Vorab: Umfeld und Atmosphäre für diesen Kurz-Lehrgang waren top. Wie in
den zurückliegenden Jahren auch war die Verbindung zwischen reiner
Weiterbildung und Wettkampf-Hospitation beim Grand Prix Turnier eine
äußerst gelungene Synthese von Theorie und Praxis. Sämtliche Abläufe
waren durch die Organisatoren mit Rainhard Weber
an der Spitze optimal gesichert und dass die Teilnehmer im Holiday Inn und
nicht (wie vor zwei Jahren noch) in einem heruntergekommenen
Arbeiterwohnheim campierten, rundete das gute Bild ab.
Zwiespältiger ist der Eindruck von dem, was da an Inhalten
herübergebracht wurde.
Denkanstöße aus Theorie und Praxis
Als sehr gelungen, weil praxisnah,
abwechslungsreich und mit zahlreichen Denkanstößen durchsetzt, sehe ich
die 4 Stunden bei Andreas Hirsch und
seinen (Workshop-) Assistenten Jens Milbradt
und Bernd Metzner.
Der Nachwuchsbundestrainer versuchte in lockerer, zugleich aber auch
nachdrücklicher und eindringlicher Weise eine Turnphilosophie
herüberzubringen, die sich im Ergebnis vieler Hospitationen bei
führenden Turnnationen (Russland, China, Japan und Frankreich) als einzig
erfolgreiche Strategie herauskristallisiert hat.
Informativ, didaktisch und rhetorisch
brillant zeigte sich auch Dr. Peter Frei (Köln)

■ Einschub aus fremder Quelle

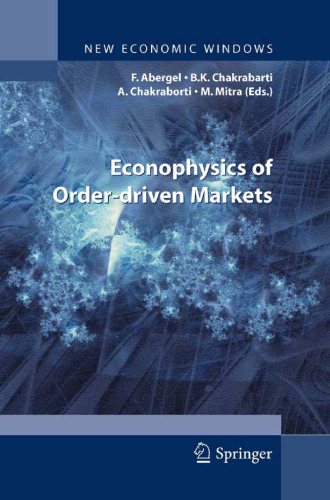 ﻿Econophysics of Order-driven Markets: Proceedings of Econophys-Kalkata V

mit seinem Seminar zur pädagogischen Ebene der BISP-Studie "Risiken
und Chancen im Kunstturnen...". Glaubwürdig dargestellt und
Diskussionen herausfordernd machte dieser Beitrag Appetit auf das Studium
der kompletten Ergebnisse des Projektes.
Albträume des deutschen
Spitzensports?
Leider konnte gerade die
Auftaktveranstaltung mit dem eigentlich interessantesten Thema:
"Ziele und Aufgaben im neuen Olympiazyklus" qualitativ nicht
überzeugen. DTB-Vizepräsident Eduard Friedrich
und TK-Vorsitzende Birgit Lummer mühten
sich zwar redlich, Optimismus zu verbreiten und signalisierten
(moralische) Unterstützung der DTB-Führung für neue Wege.
Wenn jedoch die Quintessenz aus dem
olympischen Desaster darin besteht,
- das TZ-System der DDR auf ehrenamtlicher
und freiwilliger Vereins-Basis wiederbeleben zu lassen, finanziert
durch noch zu findende Sponsoren und deutliche Erhöhung der
Elternanteile,
- ein noch zu erarbeitendes gemeinsames
Wettkampfsystem zu installieren, das wettkampforientierten
Breitensport (B-Stufen) wieder mit dem Leistungssport vereint,
- helles Entsetzen darüber zu bekunden,
dass die Landesturnverbände und –sportbünde die restriktiven
Vorgaben des DTB hinsichtlich der Sportförderung und
Traineranstellung auch zu ihrer eigenen Politik machen, statt
"alle Kraft in den Nachwuchs zu investieren" und
- sich fast die Zunge zu brechen bei der
Begriffsvereinigung oder -trennung von Gerät- und Kunstturnen,
dann kann man nur hoffen, dass die Visionen
von Vizepräsident und TK-Vorsitzender nicht zu Albträumen des deutschen
Spitzensports werden.
Nur gut, dass DTB-Präsident
Rainer Brechtken sich am Ende des Lehrgangs die Zeit nahm, in
einer kurzen Diskussionsrunde einige der nebulösen Aussagen zu
präzisieren und statt bloßem Wunschdenken und Absichtserklärungen auch
konkrete Zielvorstellungen kundtat.
Fazit also: Schwacher Start
und starkes Finale, der Deutsche Turnerbund ist offensichtlich noch
steigerungsfähig.
Die Teilnahme in Cottbus lohnte sich jedenfalls.
P.S. Dies ist eine persönliche
Sichtweise eines Teilnehmers, die sicher mit der vieler Trainer
übereinstimmt – es ist keine Rezension eines (neuen)
Lehrreferenten des Berliner Turnerbundes.